Yesterday Shaun and I attended church for the first time in a long while.  Between conflicting work and school schedules and way to many excuses we have simply drifted away from the habit of worshipping with fellow believers every Sunday.  However, together we have decided that we both want this to become a big part of our lives.  We went to Harvest Bible Chapel-Indy West, located in the Regal Cinemas.  Having gone there several times before I was confident that we would receive a sermon that would challenge us and worship that would emotionally draw us in, however, I did not expect what happened to me at the service.

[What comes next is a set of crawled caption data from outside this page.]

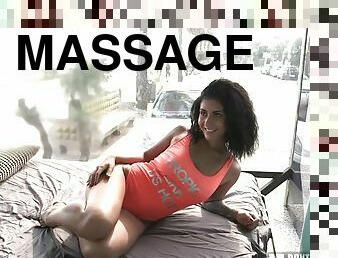 Dark haired beauty aysha aggrees a free massage at beach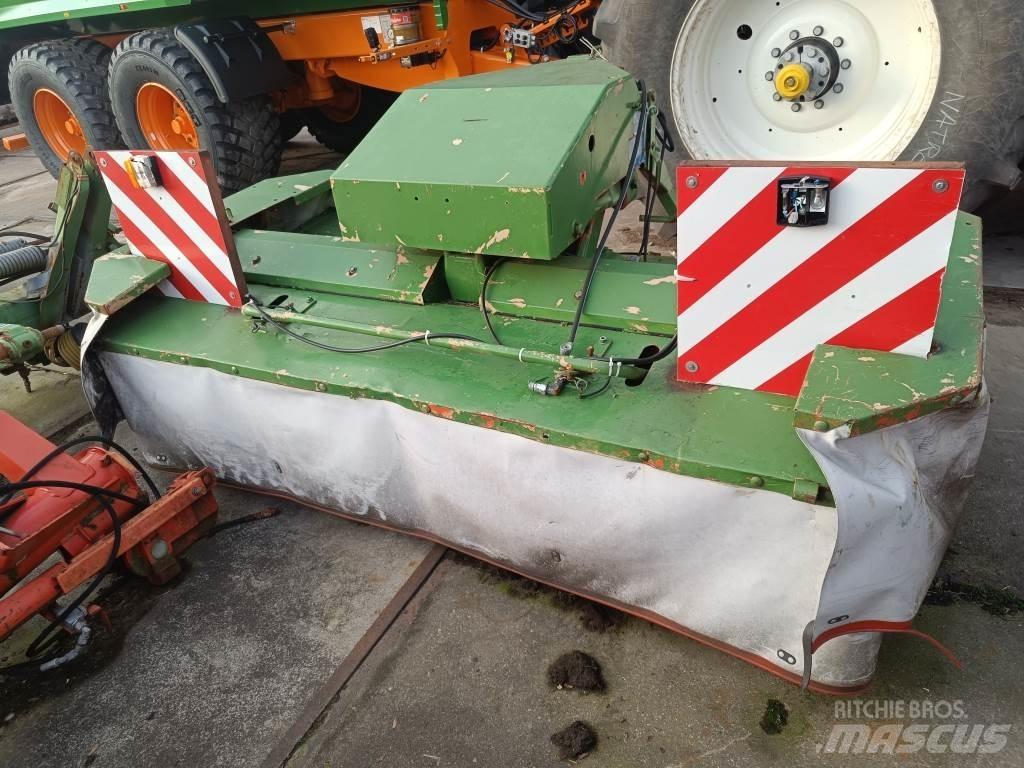 Kuhn CF280 제초기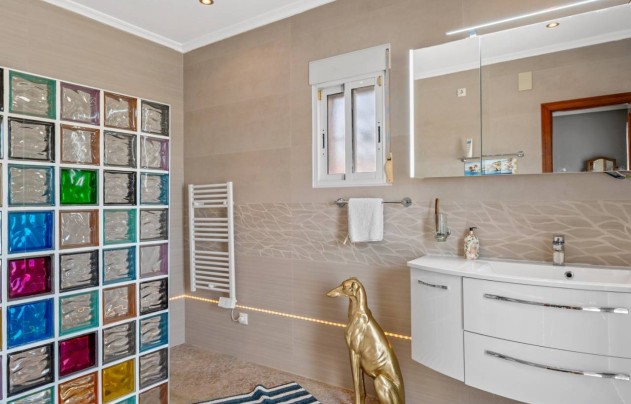 Reventa - Villa - Catral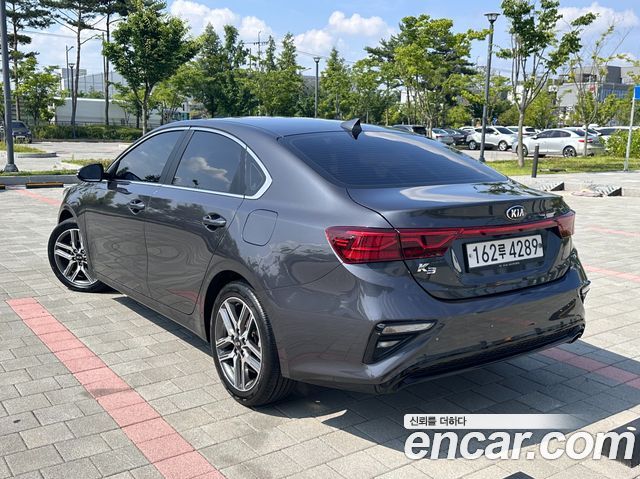 Kia K3 из Кореи Encar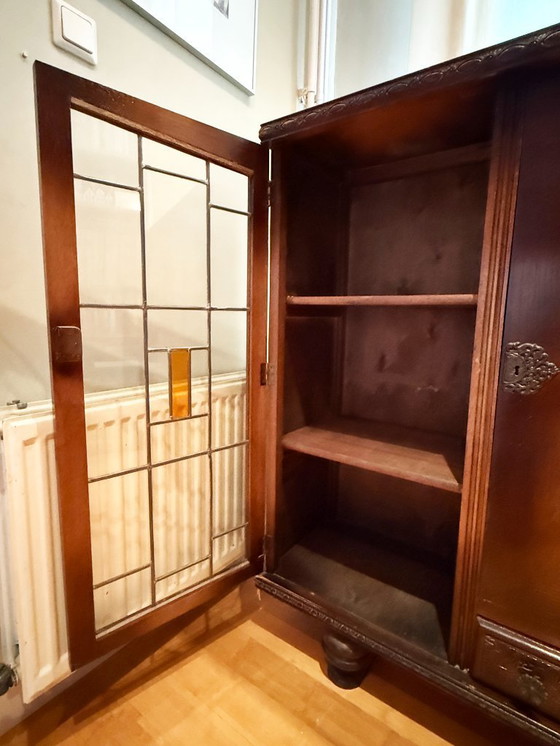 Image 1 of Vetrina vintage a tre ante con cassetto e due ante in vetro colorato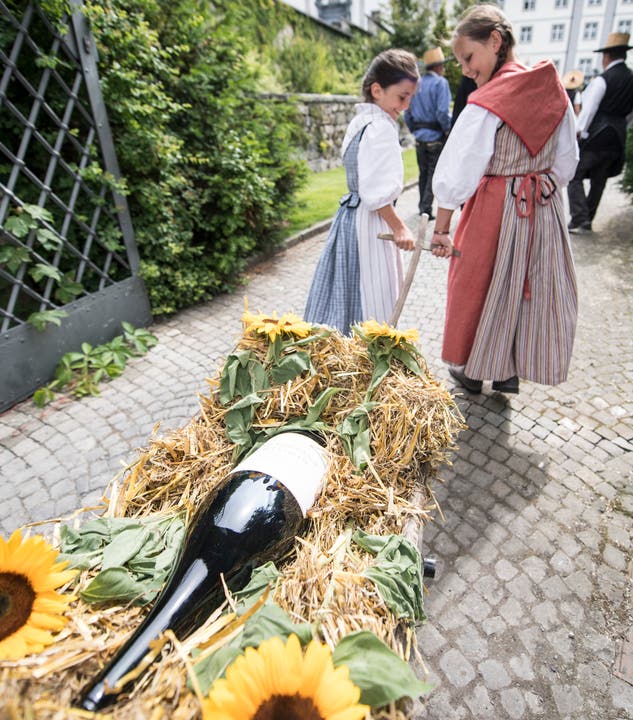 Die Ehrenwerte Trüelerzunft zu Twann überbringt am Sonntag, 24. Juni 2018, die erste Weinlieferung vom Bielersee ins Kloster Engelberg seit dem Jahr 1433. Die erste Weinlieferung wurde möglich, weil das Koster Engelberg den Rebberg am Bielersee im Jahr 2017 wieder zurückgekauft hat.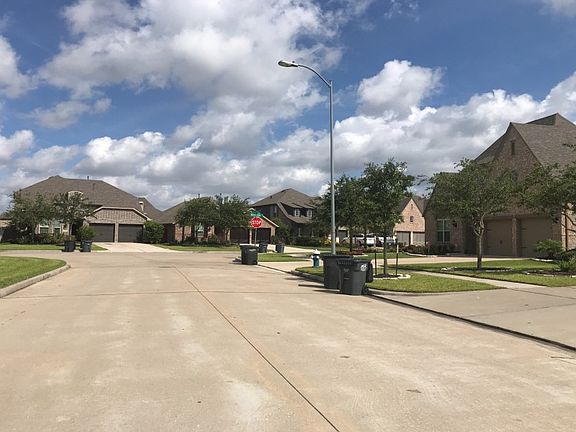 5th image of 21146 Barrett Woods Dr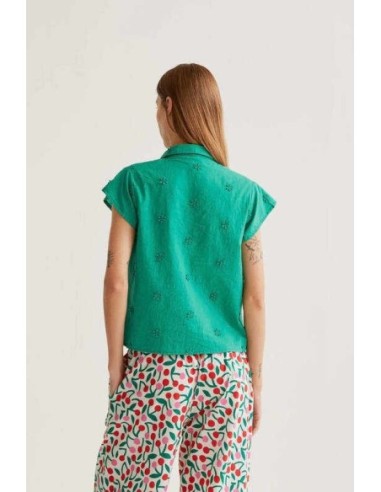 Camisa 100% algodón verde con bordado floral Compañia Fantástica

As I was observing people interact during the worship I noticed two men weaving there way in and out of the crowd.  One was wearing a red shirt, and one was wearing an orange shirt.  The man in the red shirt first gave announcements and then sat down with his wife and kids.  But as soon as the service started he got up and started offering Bibles to anyone who had forgotten theirs.  The man in the orange shirt had planted himself by the entrance to greet whatever latecomers were straggling in, a genuine smile plastered on his face.  He also got up to count each section in the church-noting how many people were present. Both of these men had previously greeted us with enthusiasm and joy, happy to see newcomers to their church. 

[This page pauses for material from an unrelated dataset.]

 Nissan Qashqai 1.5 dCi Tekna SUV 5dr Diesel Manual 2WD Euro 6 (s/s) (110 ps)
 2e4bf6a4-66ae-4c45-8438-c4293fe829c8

Now, these probably seem like odd things to notice to most people.  Nevertheless, as I saw all these things culminate I was hit by a wave of emotion.  Literally so strong that it brought tears to my eyes.  These two men reminded me of the men in my childhood church who had served for years behind the scenes-greeting latecomers, passing out Bibles, counting the congregation and so much more.  Men who led the church in whatever position it required of them.  These men-my three fathers, Thaddaeus Poe, James Hess, and Richard Haak- have changed my life in ways I can't even count.  Yesterday, I was saddened because I realized what I had lost.  Here I was starting over.  This body of believers that I had grown up in has long since dispersed and I am now left to find something similiar to it. 

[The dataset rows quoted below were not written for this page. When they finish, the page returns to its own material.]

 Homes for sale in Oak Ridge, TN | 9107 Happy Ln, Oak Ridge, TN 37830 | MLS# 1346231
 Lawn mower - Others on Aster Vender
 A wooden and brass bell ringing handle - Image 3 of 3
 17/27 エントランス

As we left the service I reminisced about the days when our church was its strongest.  When Uncle Rich and my dad led Bible studies for the Youth Group on topics that most kids don't study till they're in college.  How we used to watch sermons on a TV.  The powerful singing we used to have.  But most of all I remembered the community.  How every Sunday I would walk into the church building and it really just felt like I was coming into another home.  That's what I won't forget.  And that's what I hope to find.